Guşgalü Ahmetin oğlu Giyasettin Kaya anlatıyor:
Yıl 1955 ile 1965 arasi Ramazan ayi. Tam olarak senesini hatirlamiyorum. Henüz yeni evli ve köyün gencleri arasinda yer aliyorum. Ramazan ayi olduğundan akşamlari iftardan sonra
Teravih namazına köyün camisine gidiyorum. Aşağı yukarı her akşam camiye yalnız gitmemek için yoldan geçenleri bekliyorum. Hani eklemesemde bi kulağim yolda. Birilerini gördügüm vakit onlara katılıp camiye beraber gidiyoruz. Beklememin nedenide, bizim evin hemen Mezarlığın yaninda olması
ve oradan yalnız geçmekten çekindiğimden kaynaklaniyordu. O zamanlar köyde elektrik felan yoktu.
Teravih namazina karanlikta gidiyorduk. Tabi her akşam birilerine denk gelmek mümkün olmuyordu.
Tek çare besmele çekip poymak oluyordu (poymak= koşmak, kaçmak). Bi akşam işten yetiştiremdiğim
için yine Teravih namazına yalniz gitmeye mecbur kalmıştım. Mezarlığın başına geldiğimde besmele cekip son sürat koşmaya başladim. Birden karşima iki kişinin çıktığını fark ettim. Fark etmemle onlara toslamam bir oldu. Ne yapacağımı şaşırmıştım. Utancımdan devam koşdum.
Deselerki: La Giyasettin, ne goşin gece yarısı, işte buna makbul bi cevabim yoktu. Neyse..
Hiç bozuntuya vermden camiye varmıştım. Aradan bi kac dakika sonra caminin girişinde telaşa koptuğnu fark ettim. Usulca arkaya doğru ilerledim. Bi baktim Hatiplardan Isen dayi ve
Sarı Mehemt bembeyaz kesilmiş soluk soluğa duruyorlardı. Başlarinda kimleri su veriyor kimileride olan bitenleri anlamaya çalışıyordu. Oradan birisi: La, noldu la. Ne bu haliz?. Isen dayi ve Sarı Mehemt soluk almaya çalışarak: Hu…hu..Hu…bize….bize Cin çarpti. Mezarlığın yanından geçiken arkamıza çarptı gitti. Cemaaten başka biri:La ikizedemi çarptı?.

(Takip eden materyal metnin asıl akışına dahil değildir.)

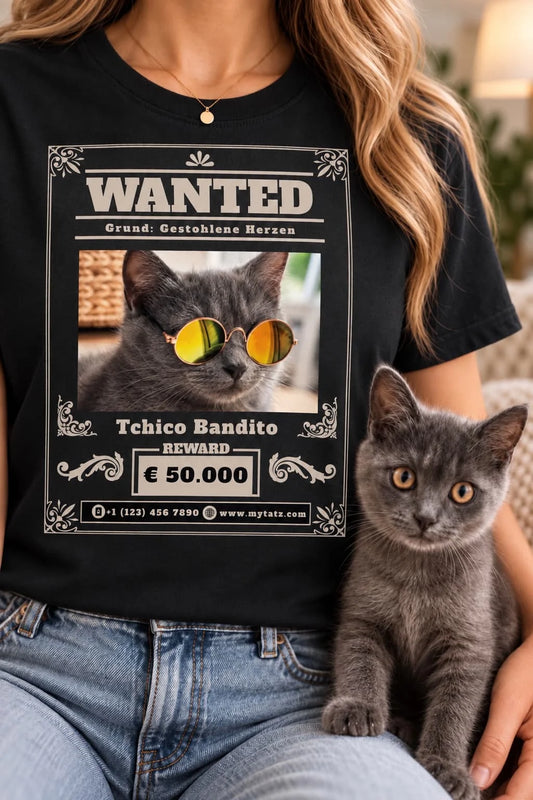 Wanted T-Shirt - Eigene Fotos, Namen + Text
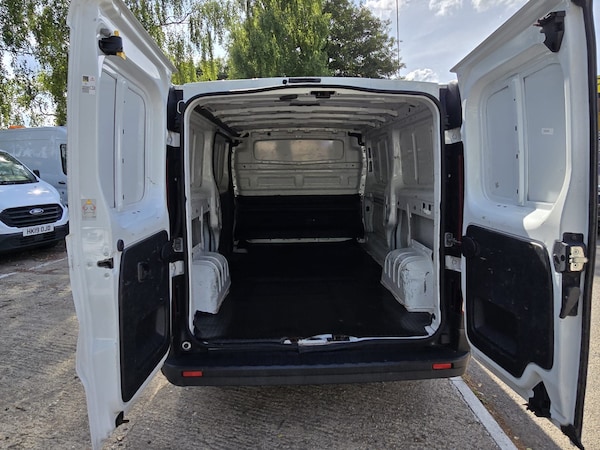 Used Vauxhall Vivaro 2018 for sale - 75309290: Photo 13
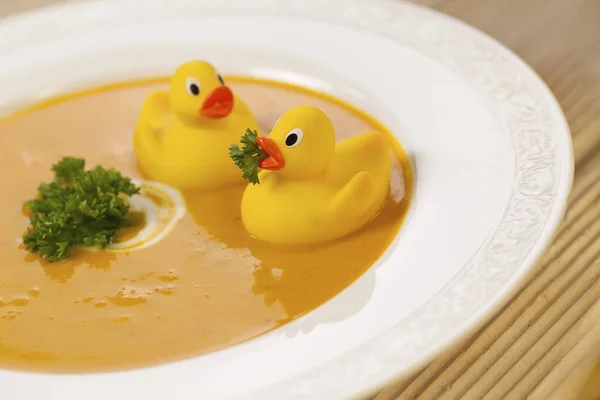 Rustic Pumpkin Soup With Duck — Stock Photo, Image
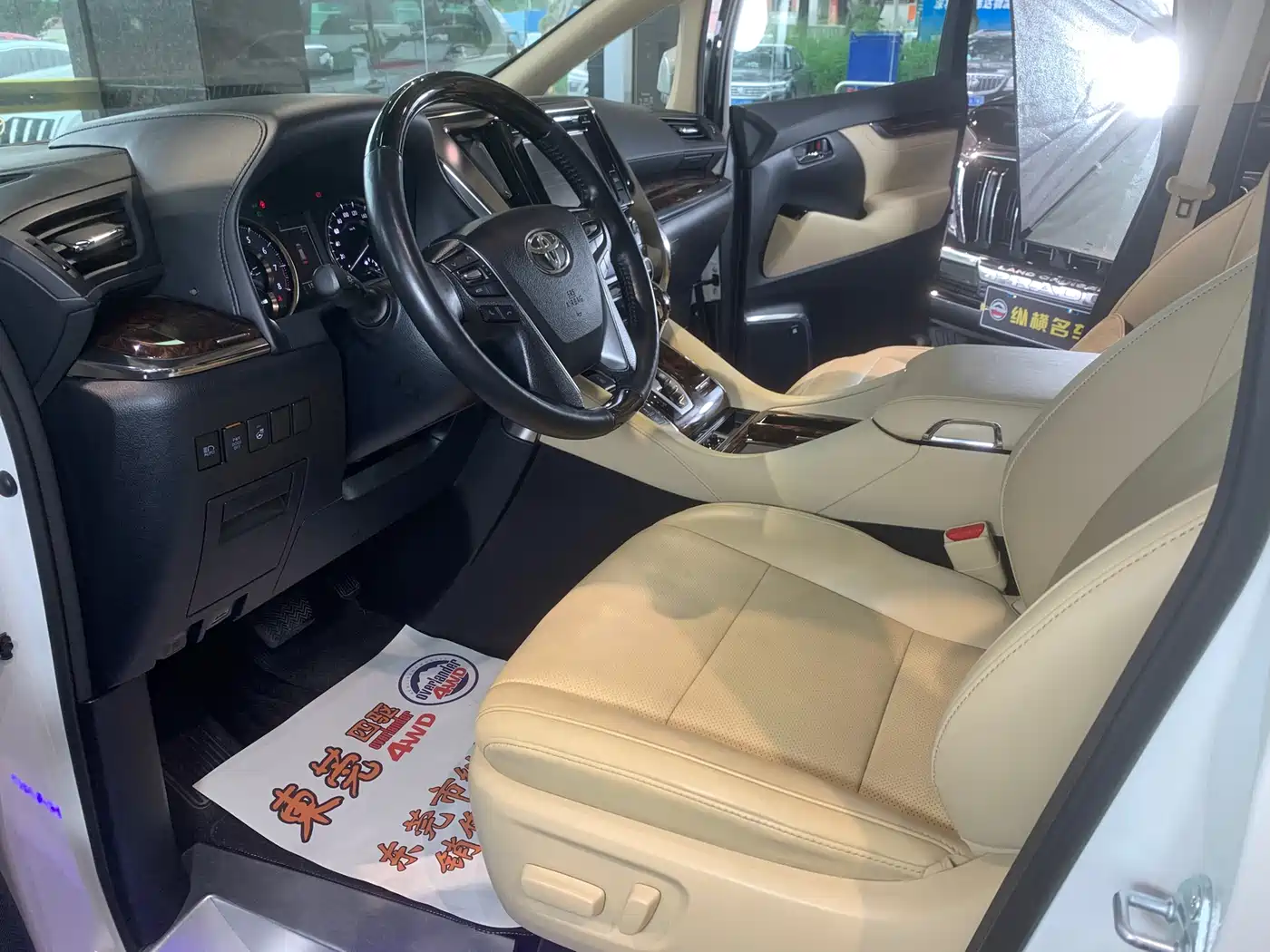 Toyota Alphard 2018 Facelift 3.5L Luxury Edition фото 9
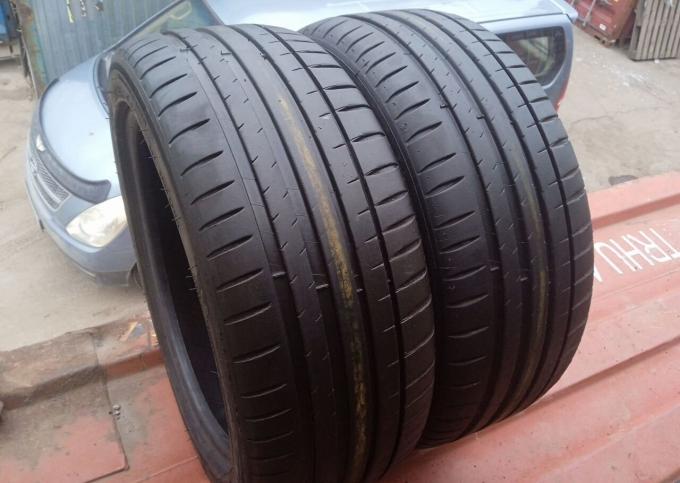 Michelin Pilot Sport 4 225/45 R17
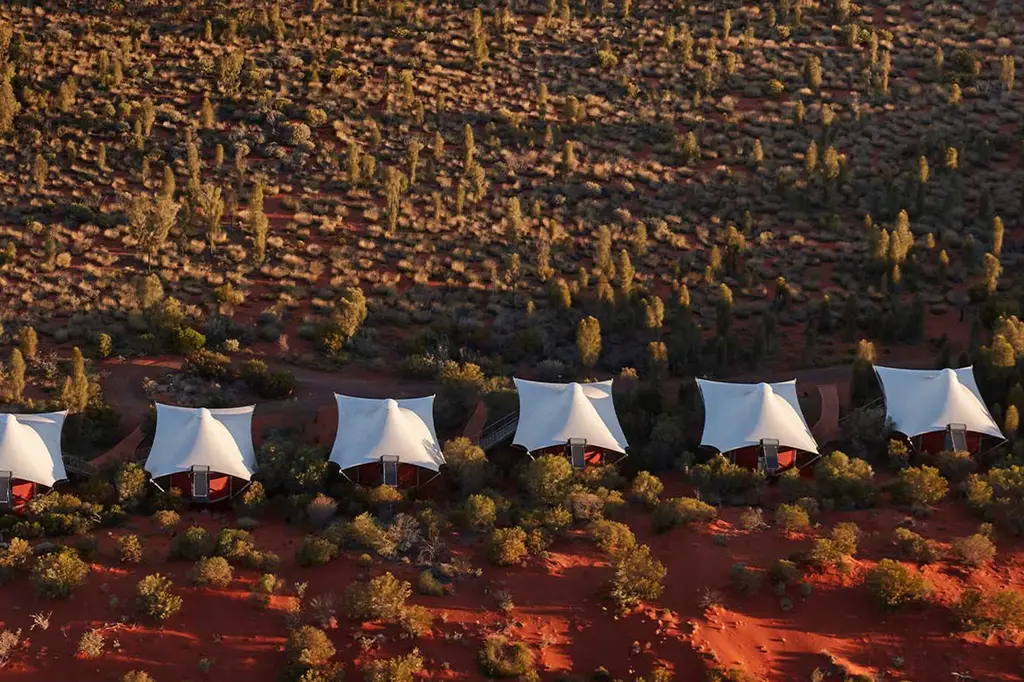 Longitude 131° image 9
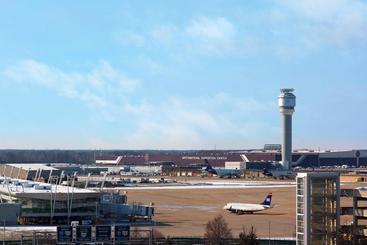 هتل Sheraton Cleveland Airport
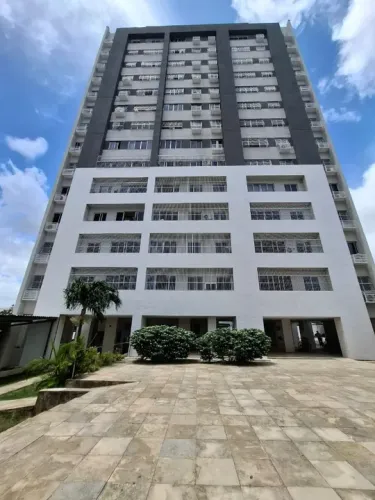 Presidente Kennedy, Condomínio Topazio, Apartamento com 03 quartos, elevador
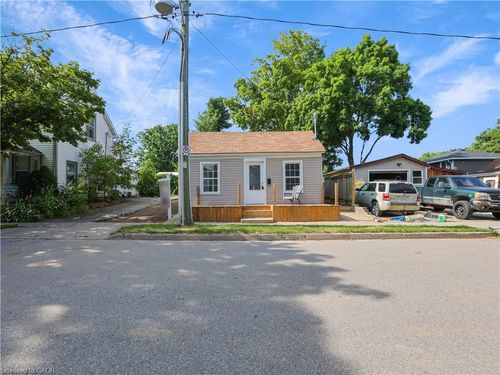 79 Sunnyhill Rd, Cambridge, ON, N3C1J6 | Card Image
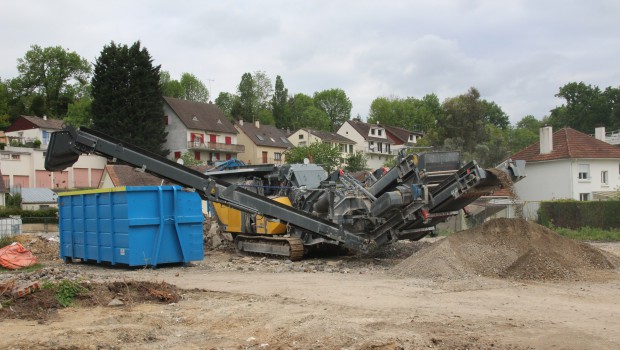 Rubble Master RM 90 : concasser en milieu urbain, c’est possible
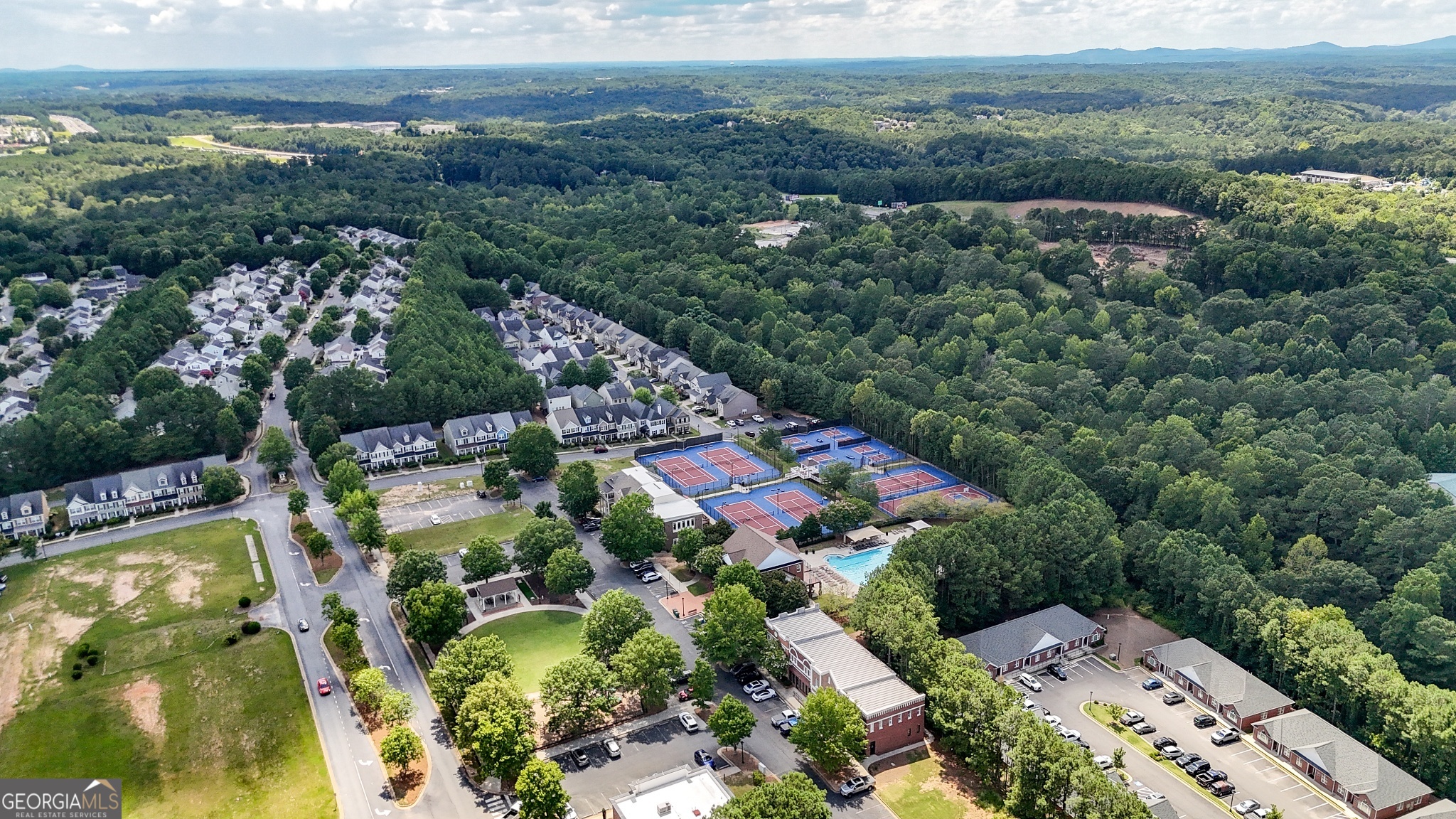 184 Swanee Lane Woodstock GA 30188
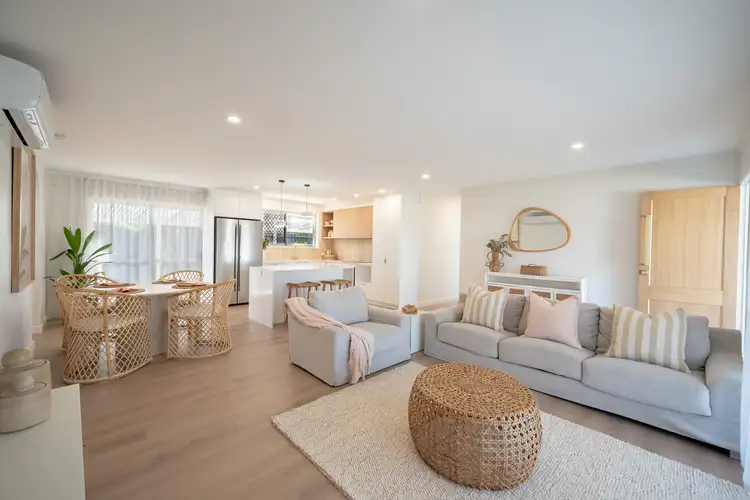 17 EBONY PLACE, Palm Beach QLD 4221
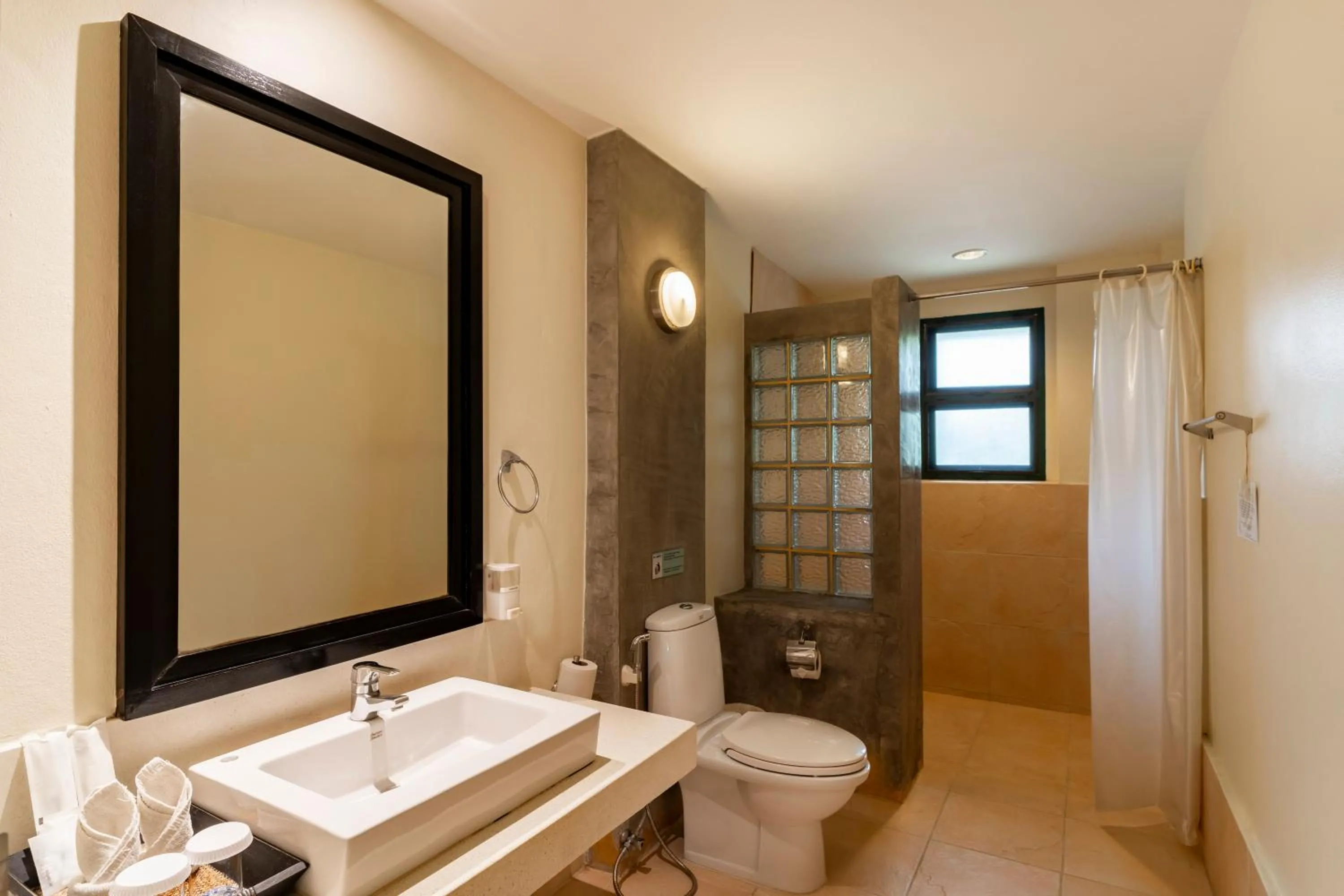 Toilet in Baan Khaolak Beach Resort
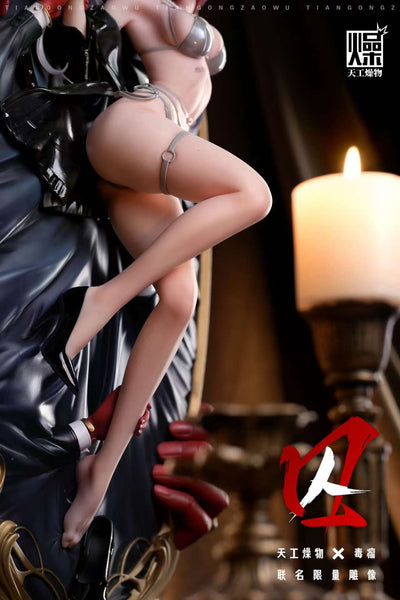 Gardenia Prisoner Statue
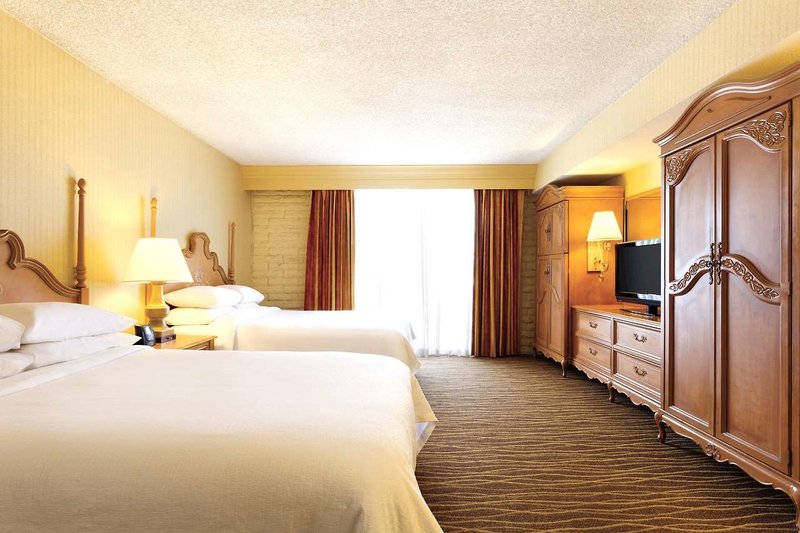 embassy suites phoenix airport at 24th street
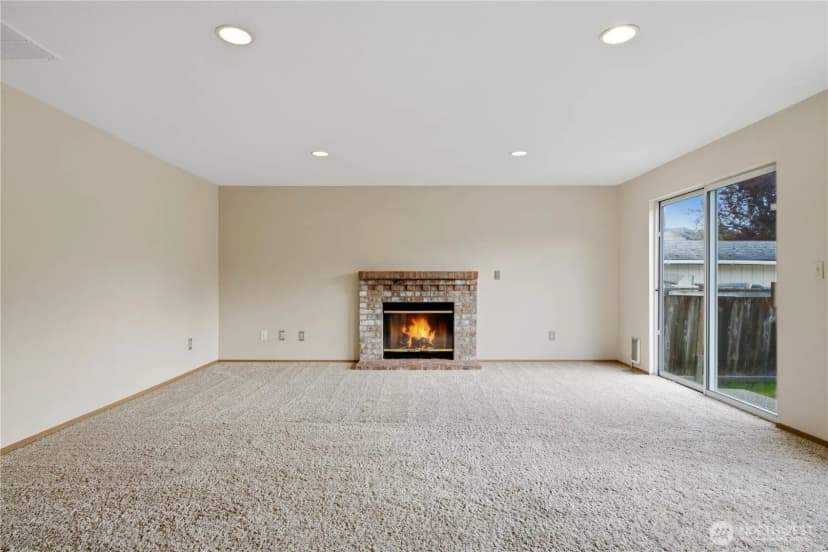 Property photo for 12402 107th Place Ne, Kirkland photo 6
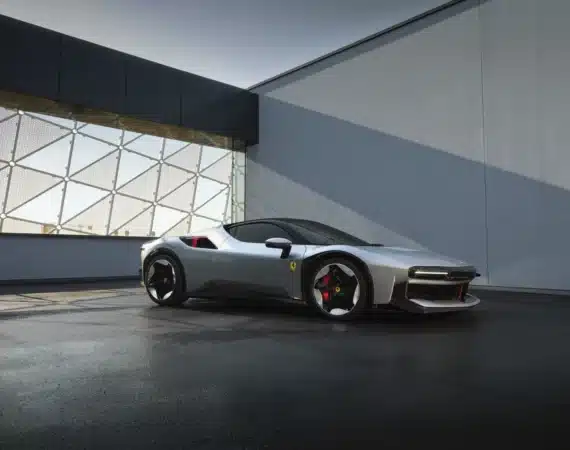 Ferrari CZ26 je jedinečný model pre amerického klienta a technicky vychádza zo SF90 Stradale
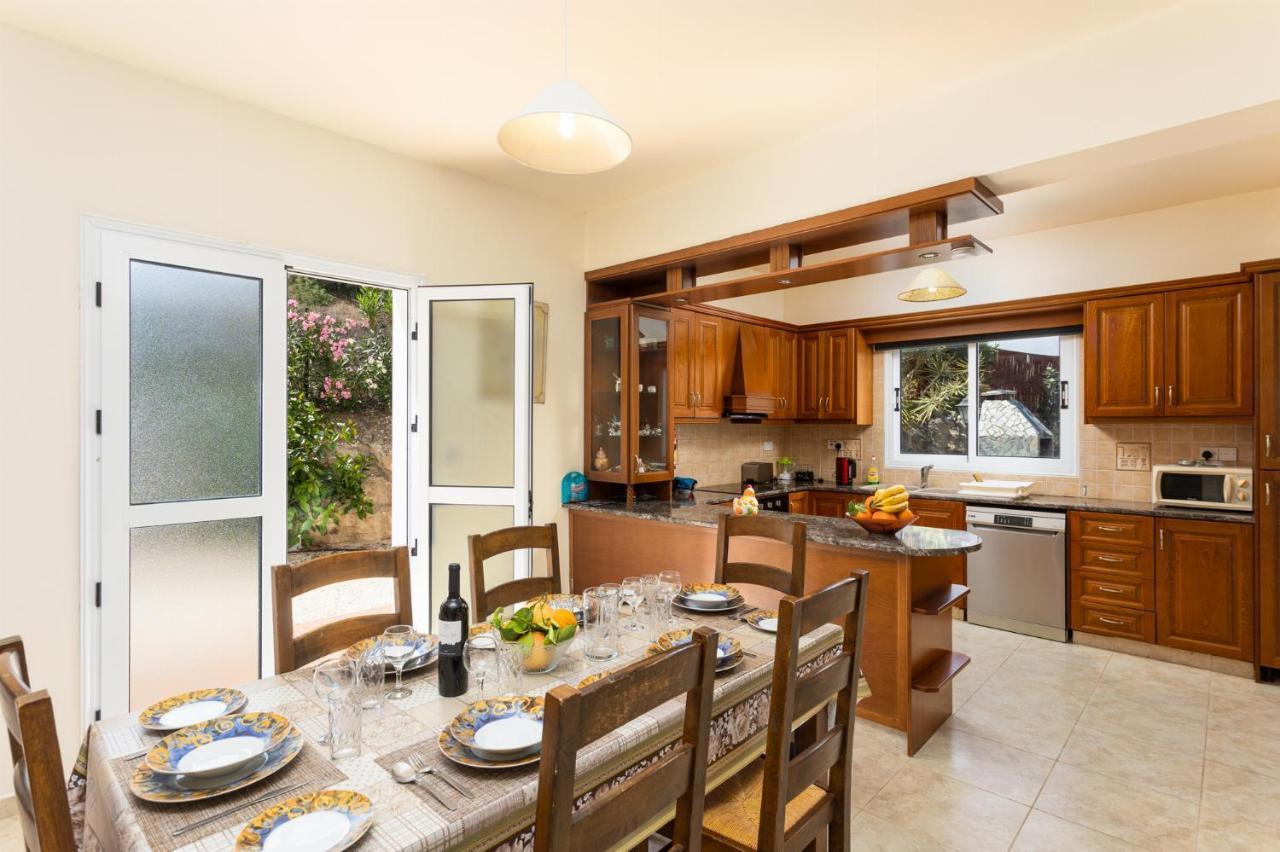Villa Kleopatra Paphos Extérieur photo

Ikisi ayni anda:Vallahda çarptı billah çarptı…. . Yine bişey söyleyemedim. O akşam biraz gürültülüde olsa Teravih namazı hayirlisiyla kildik. Bu olaydan sonra köyden bi kaç kişinin
zaman zaman Mezarlıkta nöbet tuttuklarina bile şahit oldum. O günden sonra herhalde mezarlığın
yanindan en cesaretli ben geçerdim……
Geçmiş büyüklerimizin ruhlarina el fatiha. Hakkınız helal edin.
Berlinden kucak dolusu selamlar.
Bu vaka ta Hindistanda bile anlatılıyor.